To do: Apart from the pictures, reproduce the data below exactly as it stands.

(Data block begins)

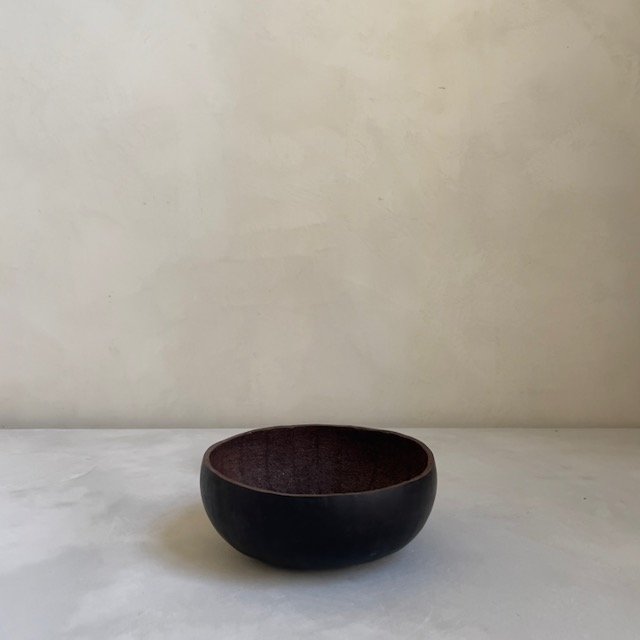 The Corner - Wooden bowl N° 3 - Table & Kitchenware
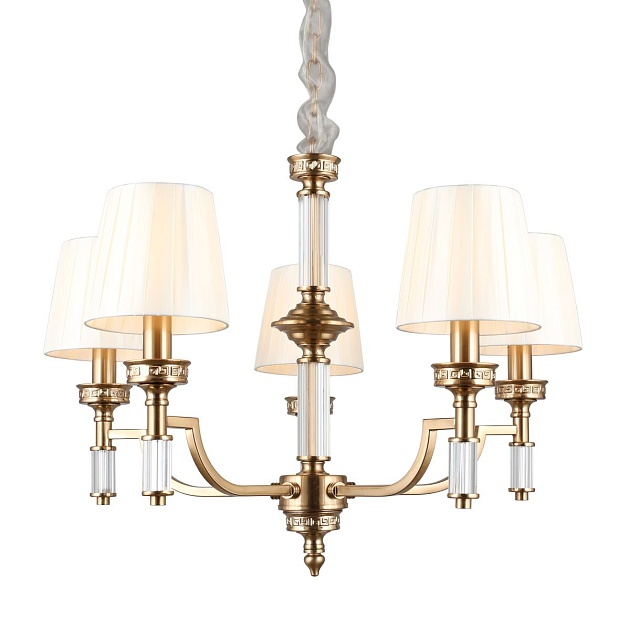 Подвесная люстра Aployt Patricia APL.716.13.05 Фото № 1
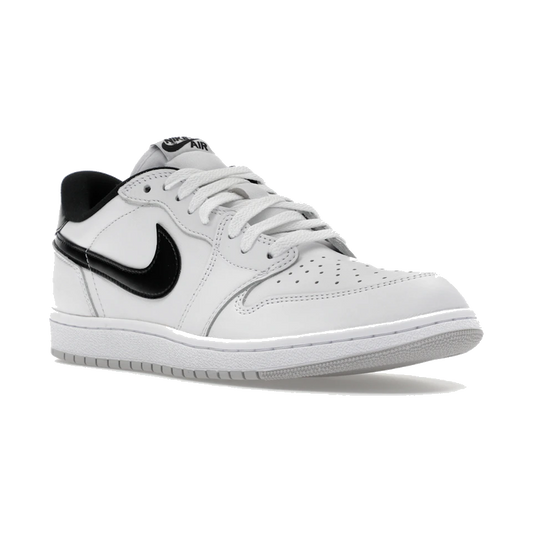 Air Jordan 1 Retro Low '85 Metallic Black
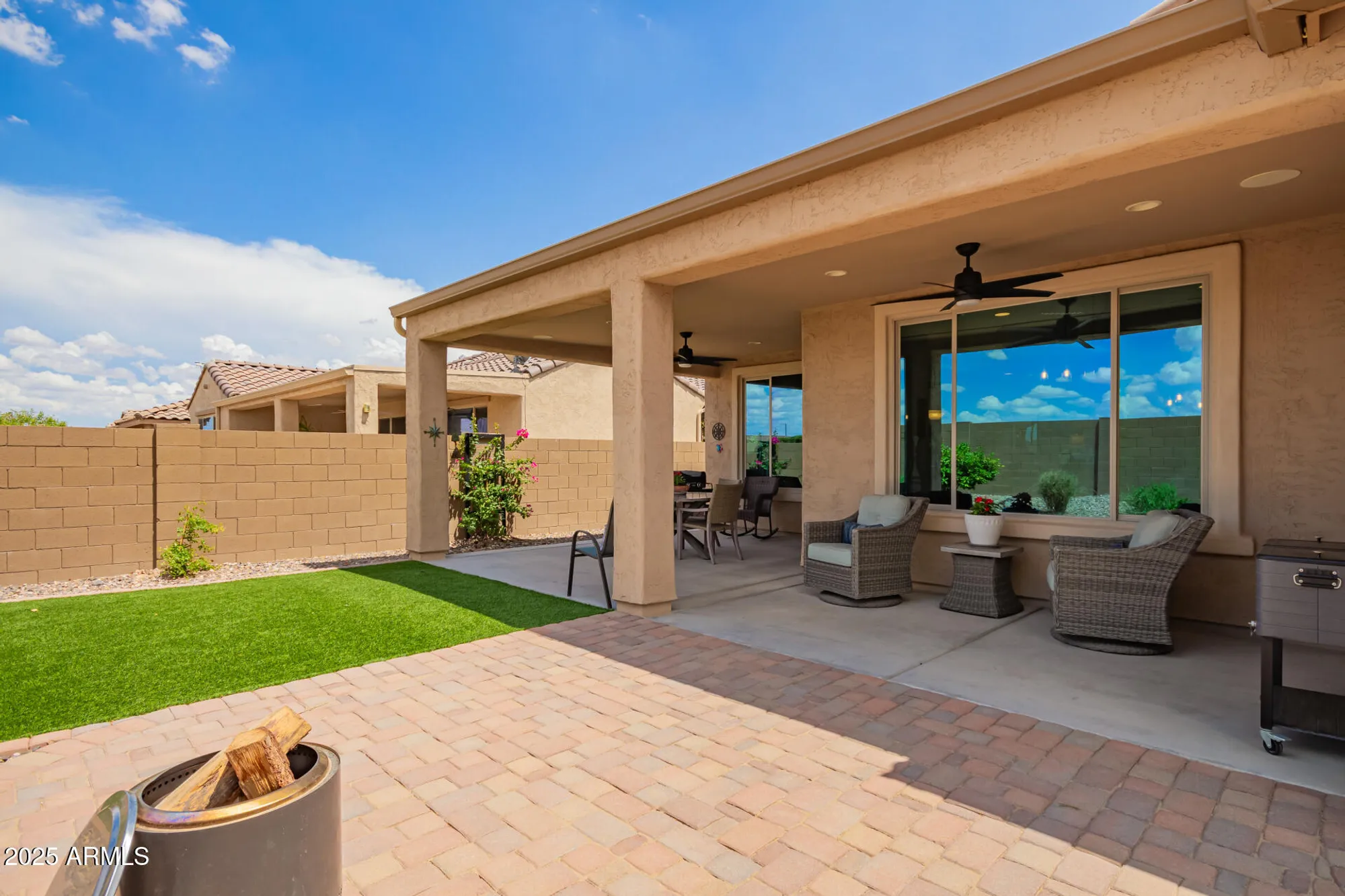 Property Slideshow image 38 of 72 | 8098 w noble prairie way, Florence, AZ, 85132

(Data block ends)

Answer area:
 The Corner - Wooden bowl N° 3 - Table & Kitchenware
 Подвесная люстра Aployt Patricia APL.716.13.05 Фото № 1
 Air Jordan 1 Retro Low '85 Metallic Black
 Property Slideshow image 38 of 72 | 8098 w noble prairie way, Florence, AZ, 85132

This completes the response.